Problem Description
Implement the PPO (Proximal Policy Optimization) clipped surrogate loss.
Given:
• new_logps: current policy log-probs (B,)
• old_logps: old policy log-probs (B,)
• advantages: advantage estimates (B,)
Define the ratio
$$ r_i = \exp(\text{new\_logps}_i - \text{old\_logps}_i). $$
Then compute
• L^{\text{unclipped}}_i = r_i A_i
• L^{\text{clipped}}_i = \operatorname{clip}(r_i, 1-\epsilon, 1+\epsilon) A_i
The loss is the negative batch mean of the elementwise minimum:
$$\mathcal{L}_\text{PPO} = -\mathbb{E}_i\big[\min(L^{\text{unclipped}}_i, L^{\text{clipped}}_i)\big].$$
Implementation notes: detach old_logps and advantages so gradients only flow through new_logps.
Signature
from torch import Tensor
def ppo_loss(new_logps: Tensor, old_logps: Tensor, advantages: Tensor,
clip_ratio: float = 0.2) -> Tensor:
"""PPO clipped surrogate loss over a batch."""
Template
Implement the function below. Use only basic PyTorch operations.

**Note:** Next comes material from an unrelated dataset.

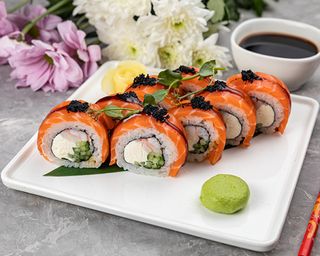 Рол зі слабосоленим лососем та креветкою 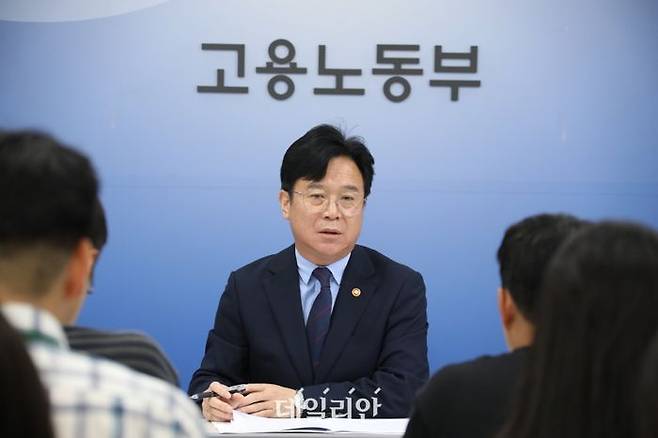 김영훈 고용노동부 장관이 1일 정부세종청사 고용노동부에서 출입기자단과 간담회를 하고 있다. ⓒ고용노동부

# ✏️ YOUR IMPLEMENTATION HERE
def ppo_loss(new_logps: Tensor, old_logps: Tensor, advantages: Tensor,
clip_ratio: float = 0.2) -> Tensor:
pass # -mean(min(r * adv, clamp(r, 1-clip, 1+clip) * adv)) with gradients only through new_logps
Test Your Implementation
Use this code to debug before submitting.
# 🧪 Debug
new_logps = torch.tensor([0.0, -0.2, -0.4, -0.6])
old_logps = torch.tensor([0.0, -0.1, -0.5, -0.5])
advantages = torch.tensor([1.0, -1.0, 0.5, -0.5])
print('Loss:', ppo_loss(new_logps, old_logps, advantages, clip_ratio=0.2))
Reference Solution
Try solving it yourself first! Click below to reveal the solution.
# ✅ SOLUTION
def ppo_loss(new_logps: Tensor, old_logps: Tensor, advantages: Tensor,
clip_ratio: float = 0.2) -> Tensor:
"""PPO clipped surrogate loss.
new_logps: (B,) current policy log-probs
old_logps: (B,) old policy log-probs (treated as constant)
advantages: (B,) advantage estimates (treated as constant)
returns: scalar loss (Tensor)
"""
# Detach old_logps and advantages so gradients only flow through new_logps
old_logps_detached = old_logps.detach()
adv_detached = advantages.detach()
# Importance sampling ratio r = pi_new / pi_old in log-space
ratios = torch.exp(new_logps - old_logps_detached)
# Unclipped and clipped objectives
unclipped = ratios * adv_detached
clipped = torch.clamp(ratios, 1.0 - clip_ratio, 1.0 + clip_ratio) * adv_detached
# PPO objective: negative mean of the more conservative objective
return -torch.min(unclipped, clipped).mean()